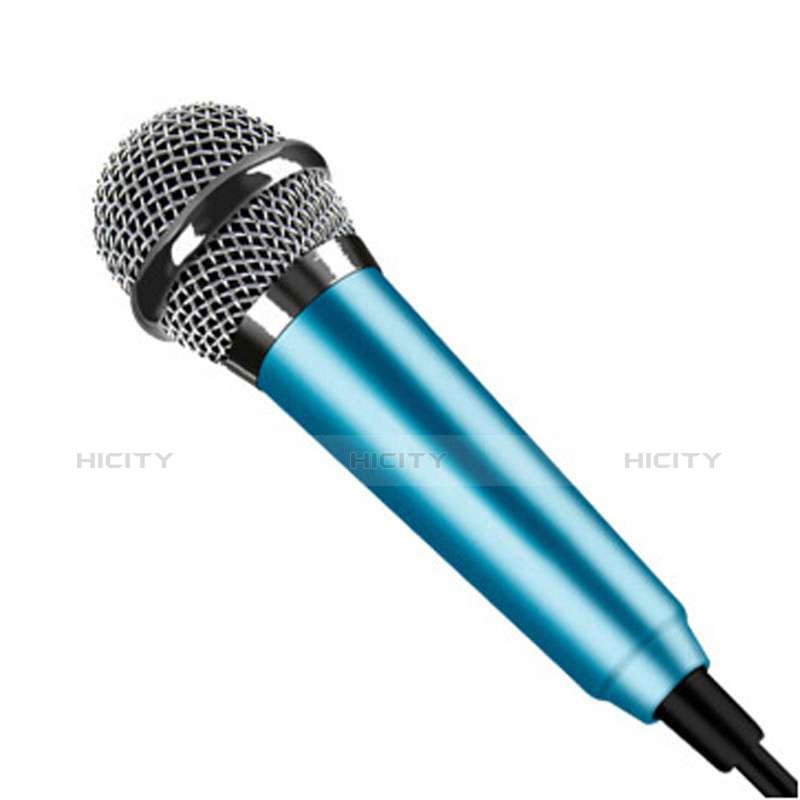 Mini Microfono Estereo de 3.5 mm con Soporte Azul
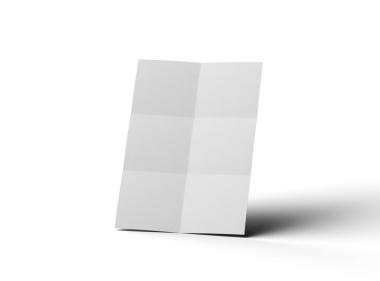 Şeffaf bir arkaplan üzerinde izole edilmiş kare bükümlü bir A4 kağıdının 3d oluşturulmuş resmi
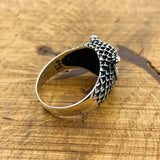 Silver Owl Head Statement Ring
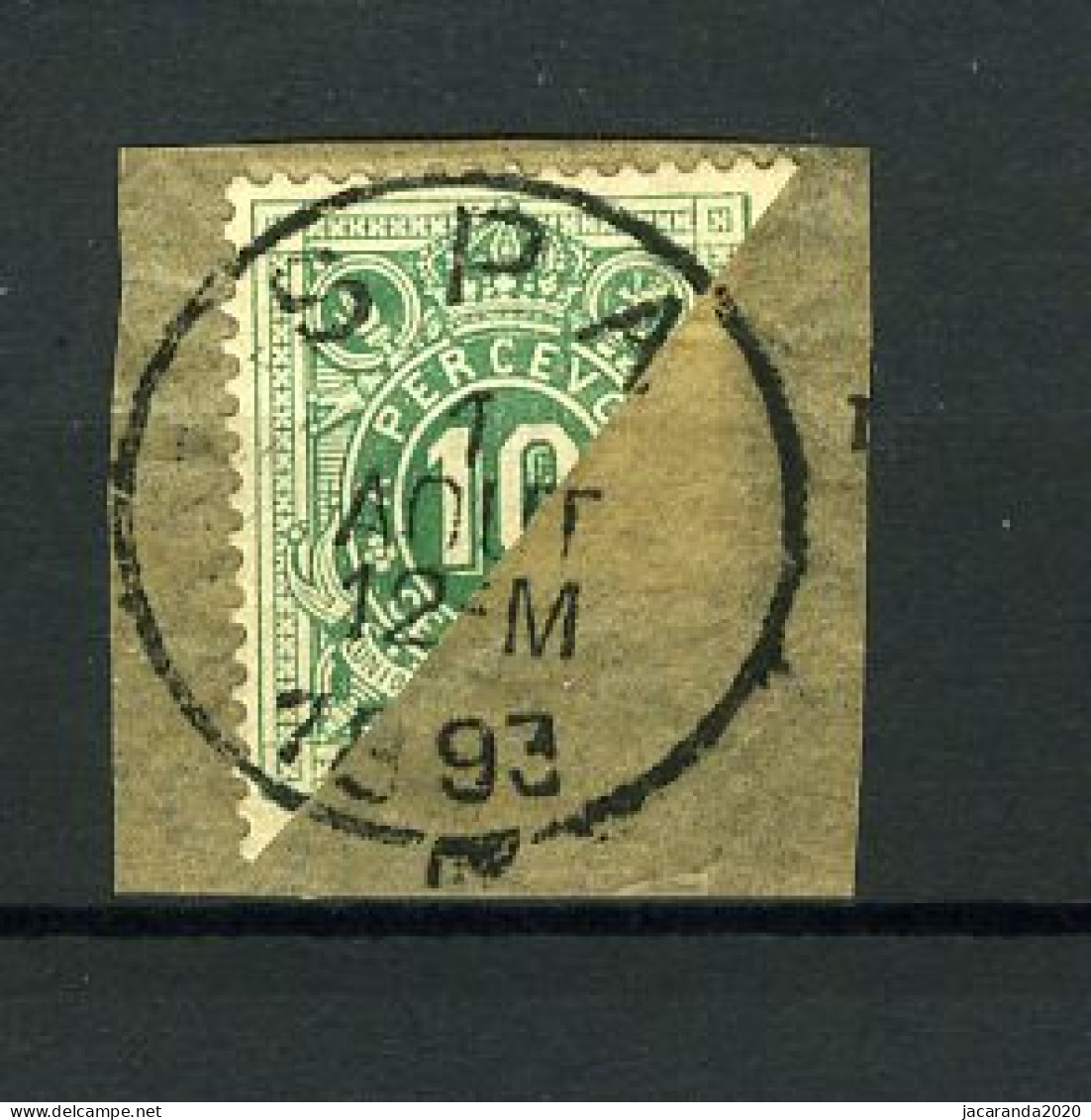 België TX 1 - Halve Zegel Op Fragment - Diagonaal Gesneden - Stempel: Spa - 1893 - Zeer Mooi - Concours - Timbres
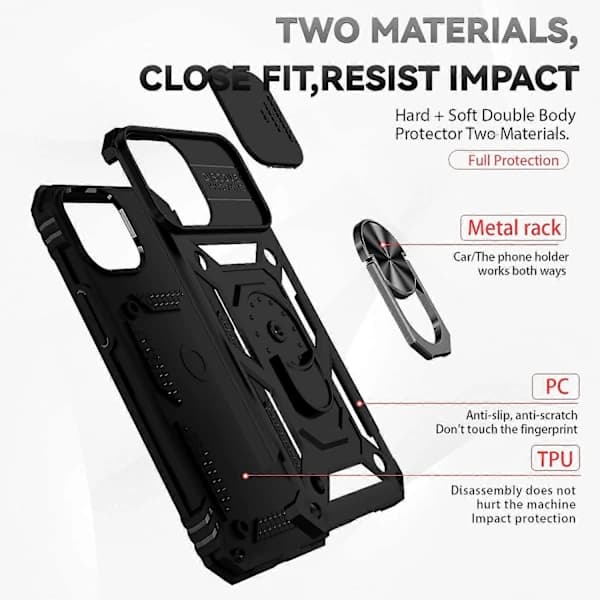 Etui med glidende kameralinsebeskyttelse og holder til iPhone 14 Pro Max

▸ Your task: An exact reproduction of every record above is required, with no pictures included.

▸ Problem solution:
 Mini Microfono Estereo de 3.5 mm con Soporte Azul
 Şeffaf bir arkaplan üzerinde izole edilmiş kare bükümlü bir A4 kağıdının 3d oluşturulmuş resmi
 Silver Owl Head Statement Ring
 België TX 1 - Halve Zegel Op Fragment - Diagonaal Gesneden - Stempel: Spa - 1893 - Zeer Mooi - Concours - Timbres
 Etui med glidende kameralinsebeskyttelse og holder til iPhone 14 Pro Max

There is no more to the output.